TASK TO CARRY OUT: Output the run of lines that opens with the first line of the material below and closes with the line containing "caption E2500 MICRO DUMPER", both included, and drop the pictures.

RECORD EXCERPTS:
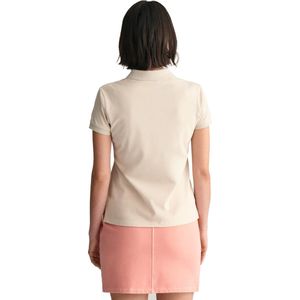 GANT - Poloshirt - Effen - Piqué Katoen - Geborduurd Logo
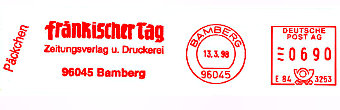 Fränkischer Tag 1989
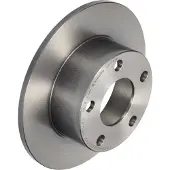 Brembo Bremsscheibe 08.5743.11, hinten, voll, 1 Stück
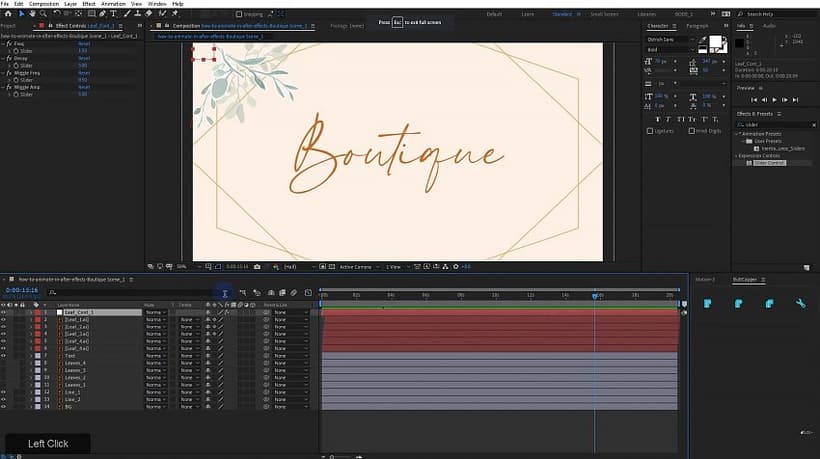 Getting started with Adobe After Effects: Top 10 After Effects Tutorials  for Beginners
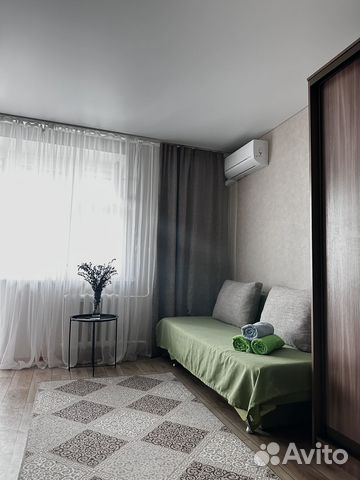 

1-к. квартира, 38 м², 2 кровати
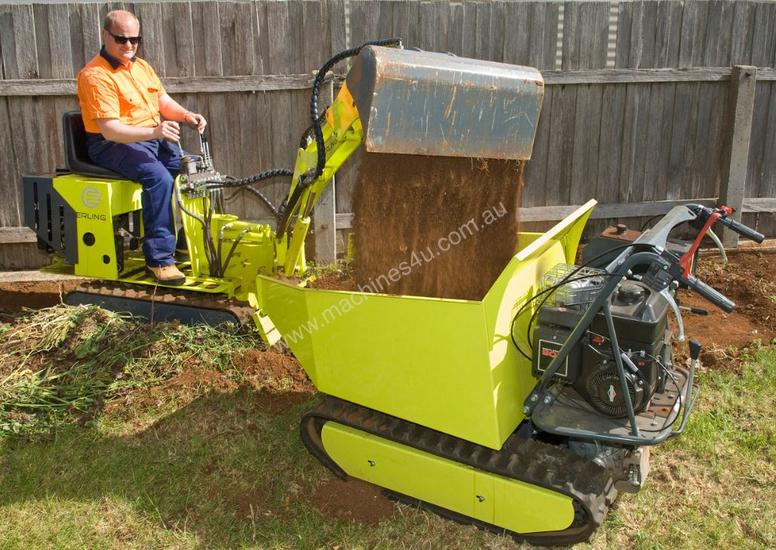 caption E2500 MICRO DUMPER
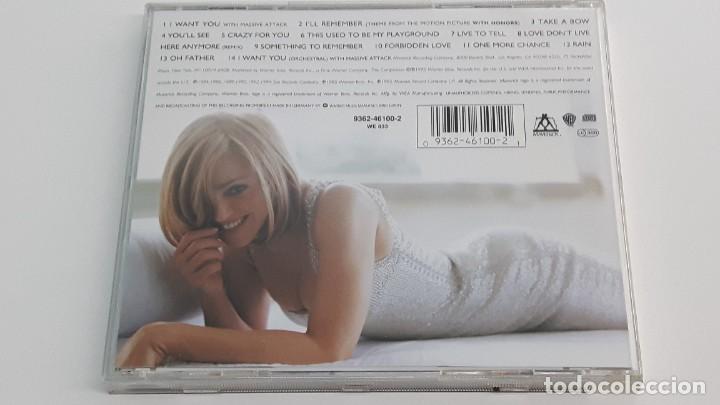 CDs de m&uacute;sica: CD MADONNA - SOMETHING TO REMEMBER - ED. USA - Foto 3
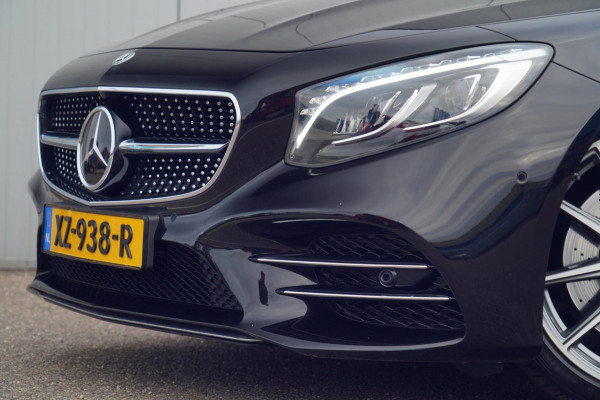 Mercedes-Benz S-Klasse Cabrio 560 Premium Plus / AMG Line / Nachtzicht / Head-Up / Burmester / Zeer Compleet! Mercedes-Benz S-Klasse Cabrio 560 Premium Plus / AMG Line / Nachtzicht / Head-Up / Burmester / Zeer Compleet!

EXERCISE RESPONSE:
 GANT - Poloshirt - Effen - Piqué Katoen - Geborduurd Logo
 Fränkischer Tag 1989
 Brembo Bremsscheibe 08.5743.11, hinten, voll, 1 Stück
 Getting started with Adobe After Effects: Top 10 After Effects Tutorials  for Beginners

1-к. квартира, 38 м², 2 кровати
 caption E2500 MICRO DUMPER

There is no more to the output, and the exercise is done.